Arrêts maladie : à qui la faute ?

Des médecins complaisants, des usagers tire-au-flanc, voilà ce que montrait cette semaine un reportage diffusé dans un journal d’une grande chaîne pour illustrer la hausse de 5,2 % des dépenses d’indemnités journalières (IJ) du régime général sur les douze derniers mois. Filmés en caméra cachée, deux médecins cédaient à la pression de patients qui réclamaient un arrêt de travail pour une fatigue passagère sans cause réelle. Donc, les coupables de cette envolée des IJ seraient ces fraudeurs à la petite semaine ? Pas si simple !

La facture de arrêts de travail s’élève à 10,3 milliards d’euros sur un an. Pour deux tiers, la forte croissance constatée ces dernières années est liée à l’augmentation du nombre de jours et, pour le reste, au montant des indemnités.

C’est à peu près tout ce que l’on sait. L’Assurance maladie, en effet, ne dispose pas d’outils pour expliquer les motifs de ces arrêts, et encore moins leur évolution. « La mention du motif médical n’est actuellement pas systématiquement vérifiée (…). Or la liquidation des indemnités journalières requiert de s’assurer de la réalité de la dépense », dénonçait en 2017 un rapport conjoint des Inspections des finances et des affaires sociales.

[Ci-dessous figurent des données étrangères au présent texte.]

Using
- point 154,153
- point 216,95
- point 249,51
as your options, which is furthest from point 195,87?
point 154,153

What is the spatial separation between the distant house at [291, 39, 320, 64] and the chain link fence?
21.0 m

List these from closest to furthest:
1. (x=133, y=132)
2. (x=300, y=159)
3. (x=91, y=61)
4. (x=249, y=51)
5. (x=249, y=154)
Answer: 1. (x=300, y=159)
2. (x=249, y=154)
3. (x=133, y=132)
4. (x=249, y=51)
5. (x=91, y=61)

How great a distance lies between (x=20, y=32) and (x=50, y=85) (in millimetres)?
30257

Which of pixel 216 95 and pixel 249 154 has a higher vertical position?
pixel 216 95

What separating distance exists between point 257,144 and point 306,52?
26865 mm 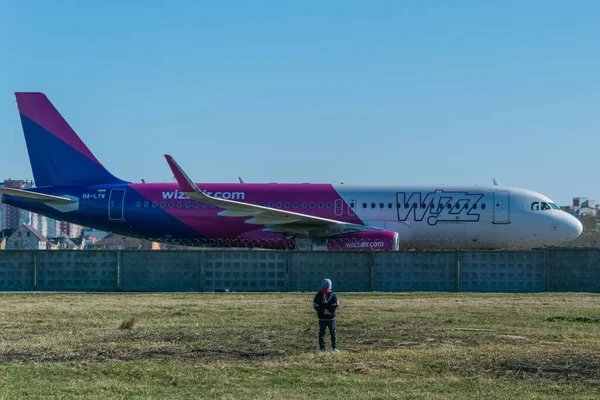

Faute d’éléments factuels, les experts avancent donc plusieurs causes. Certaines, d’ordre mécanique, seraient liées à la reprise de l’emploi et au décalage de l’âge du départ à la retraite. Plus de salariés, c’est plus d’arrêts de travail.

Les médecins privilégient d’autres hypothèses, plus structurelles. La précarité de l’emploi, la pression exercée sur le lieu travail ajoutée aux heures de transport, la course au rendement, l’absence de déconnexion lors des jours de repos ont affaibli physiquement les salariés et fragilisé leur adhésion aux valeurs de l’entreprise. « Tous les psychiatres de France vous diront que la souffrance au travail représentait un ou deux cas dans leur patientèle chaque année il y a dix ans, et qu’elle représente désormais une bonne moitié de leur activité », notait récemment, Eric Verhaeghe, fondateur du cabinet Parménide dans un entretien accordé au site Atlantico. Et pourtant, selon une étude réalisée en 2016 par l’organisme de prévoyance Malakoff Médéric, un salarié sur cinq renoncerait à un arrêt maladie pourtant prescrit par son médecin !

Montrer du doigt le prescripteur, c’est accuser le messager d’être responsable de la mauvaise nouvelle qu’il transmet. Ces symptômes sont l’expression d’une maladie beaucoup plus profonde qui ronge le monde du travail.